サクリファイス
「俺は嫌だ、帰る」
”僕だって嫌です”
電話口のI先輩の言葉に続きあたしも答える。
今日から仕事始め。
大抵の企業は午前中でサクっと帰るらしい。
だがブラックだからかどうなのかはわからないが、ウチは今日からみっちり一日稼動、そしてどーゆうワケか終業後に新年会を催すらしい。
平日からアホか。
それだけならまだしも、当日の朝になってから支店長の独断と偏見で選ばれた各課の代表が隠し芸を披露し、ウケが悪ければその場で酒を一気飲みというまるで馬鹿大学生の乱痴気騒ぎのようなお達しが正式に来たから、白羽の矢が立った人はさあ大変。
ウチの課ではあたしとI先輩が当選し、さてどうしようか…という話が冒頭だ。
「そもそも俺達は仕事をしに来てるんであって、会社の人間を笑わせるのは仕事とは違うだろ」
”ですねぇ”
「それにイキナリそんなコト言われて準備しろと言うのが無茶苦茶だ。そんなのは暇人か、支店長がやればイイ。ここでヘラヘラして皆がやるから駄目なんだ」
”明らかにパワハラ、アルハラだと思います”
「よし、じゃあ一緒に帰るぞ」
”ですねぇ~別に今更支店長に睨まれても(どうせ辞めるから)どうって事ないですし…”

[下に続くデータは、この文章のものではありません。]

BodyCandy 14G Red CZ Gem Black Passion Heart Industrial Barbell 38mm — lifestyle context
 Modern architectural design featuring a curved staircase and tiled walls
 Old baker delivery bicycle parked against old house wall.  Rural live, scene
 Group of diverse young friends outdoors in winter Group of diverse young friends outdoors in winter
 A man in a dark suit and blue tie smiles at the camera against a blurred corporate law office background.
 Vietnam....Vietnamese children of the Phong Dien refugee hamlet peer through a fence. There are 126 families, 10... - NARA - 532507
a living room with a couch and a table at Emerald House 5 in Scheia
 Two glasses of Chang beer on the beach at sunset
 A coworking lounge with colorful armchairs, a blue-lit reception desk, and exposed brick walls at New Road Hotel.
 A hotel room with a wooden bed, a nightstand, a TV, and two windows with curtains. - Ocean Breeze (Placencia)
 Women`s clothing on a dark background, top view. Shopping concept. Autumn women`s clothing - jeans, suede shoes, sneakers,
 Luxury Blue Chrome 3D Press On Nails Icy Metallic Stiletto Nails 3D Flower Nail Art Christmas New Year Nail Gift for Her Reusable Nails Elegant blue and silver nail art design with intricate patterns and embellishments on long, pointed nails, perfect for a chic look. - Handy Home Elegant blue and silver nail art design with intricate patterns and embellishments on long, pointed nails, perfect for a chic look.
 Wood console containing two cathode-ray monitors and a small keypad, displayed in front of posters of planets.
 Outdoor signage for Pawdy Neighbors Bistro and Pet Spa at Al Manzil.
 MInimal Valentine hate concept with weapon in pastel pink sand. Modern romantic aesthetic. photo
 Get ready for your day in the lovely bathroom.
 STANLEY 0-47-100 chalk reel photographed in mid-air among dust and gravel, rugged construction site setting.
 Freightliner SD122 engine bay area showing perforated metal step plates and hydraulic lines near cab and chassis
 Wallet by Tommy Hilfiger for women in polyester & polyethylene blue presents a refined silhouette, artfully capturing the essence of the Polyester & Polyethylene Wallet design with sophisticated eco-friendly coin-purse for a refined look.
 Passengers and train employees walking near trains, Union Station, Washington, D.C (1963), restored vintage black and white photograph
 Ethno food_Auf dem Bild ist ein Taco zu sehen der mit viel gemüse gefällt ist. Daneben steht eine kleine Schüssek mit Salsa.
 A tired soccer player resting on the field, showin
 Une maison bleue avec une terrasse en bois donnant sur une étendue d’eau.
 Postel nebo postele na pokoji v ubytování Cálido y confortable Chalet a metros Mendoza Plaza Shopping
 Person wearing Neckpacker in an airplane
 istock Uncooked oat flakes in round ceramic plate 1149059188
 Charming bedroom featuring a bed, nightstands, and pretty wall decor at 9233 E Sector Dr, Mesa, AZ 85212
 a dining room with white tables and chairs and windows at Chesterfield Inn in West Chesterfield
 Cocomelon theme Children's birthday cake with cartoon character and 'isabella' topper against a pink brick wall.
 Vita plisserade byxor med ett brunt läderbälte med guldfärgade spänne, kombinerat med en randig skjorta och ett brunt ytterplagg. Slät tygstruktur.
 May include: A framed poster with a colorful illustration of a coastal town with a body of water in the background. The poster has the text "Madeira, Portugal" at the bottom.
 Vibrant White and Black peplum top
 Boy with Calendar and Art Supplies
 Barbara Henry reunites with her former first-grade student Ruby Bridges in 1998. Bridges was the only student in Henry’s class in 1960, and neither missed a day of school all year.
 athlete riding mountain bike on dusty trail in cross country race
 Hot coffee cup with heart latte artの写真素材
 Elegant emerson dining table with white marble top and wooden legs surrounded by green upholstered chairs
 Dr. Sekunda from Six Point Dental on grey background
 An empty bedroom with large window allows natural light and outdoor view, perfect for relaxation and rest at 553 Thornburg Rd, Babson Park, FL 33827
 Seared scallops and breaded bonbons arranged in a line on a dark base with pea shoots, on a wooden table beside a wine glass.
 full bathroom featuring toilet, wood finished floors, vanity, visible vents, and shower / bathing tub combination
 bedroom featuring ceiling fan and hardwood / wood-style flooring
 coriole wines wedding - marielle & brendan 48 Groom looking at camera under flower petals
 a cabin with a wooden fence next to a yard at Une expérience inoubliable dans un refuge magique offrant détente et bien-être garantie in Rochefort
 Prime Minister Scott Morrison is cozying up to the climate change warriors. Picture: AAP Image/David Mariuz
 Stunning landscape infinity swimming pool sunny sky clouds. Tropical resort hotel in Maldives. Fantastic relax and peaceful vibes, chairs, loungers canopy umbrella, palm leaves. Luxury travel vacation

と、課内の隠し芸担当で共謀し、新年会をばっくれようという事になった。
大体の得意先を回り、帰社。
I先輩は早速不満を鬼上司M課長にぶちまけ退散。
さて、あたしも言うときは言わないとな…と席を立とうとした瞬間、得意先からのトラブルの連絡が入った。遠くでは鬼上司M課長が、見てない振りをしてバッチリ見ている、聞いている。
あの目は「お前俺に何か報告する事があるんじゃねえか?ああ?」と言っている目だ。
Ohなんてバッドタイミング、逃げるきっかけを完璧に逸した。
仕方がないので、事の顛末を伝えると―――――
「まぁそれは明日でいいだろ、お前はこれから新年会に行くんだもんな?」
”え?ええっと……”
「な?」
”そうですねぇ、もう明日ですよね~”
言いたい事も言えないこんな世の中じゃ。